_Work item_:
Copy each line of the listing below exactly and drop the images.

_Available data_:
###

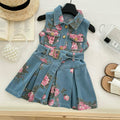 Floral Print Sleeveless Denim Dress for Girls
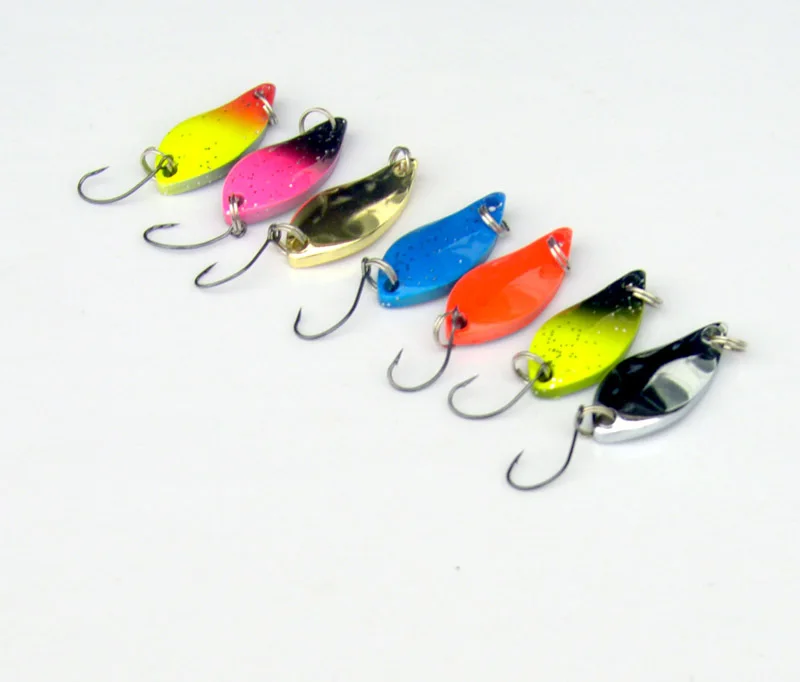 Señuelo de cuchara colorido de pesca, 5g, anzuelo único, cebo de Metal, señuelos artificiales, cucharas pequeñas, bolsa de 5-7 piezas, venta - imagen 4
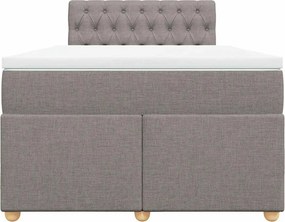 vidaXL Κρεβάτι Boxspring με Στρώμα Taupe 120x190 εκ. Υφασμάτινο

###

_Solution to the problem_:
 Floral Print Sleeveless Denim Dress for Girls
 Señuelo de cuchara colorido de pesca, 5g, anzuelo único, cebo de Metal, señuelos artificiales, cucharas pequeñas, bolsa de 5-7 piezas, venta - imagen 4
 vidaXL Κρεβάτι Boxspring με Στρώμα Taupe 120x190 εκ. Υφασμάτινο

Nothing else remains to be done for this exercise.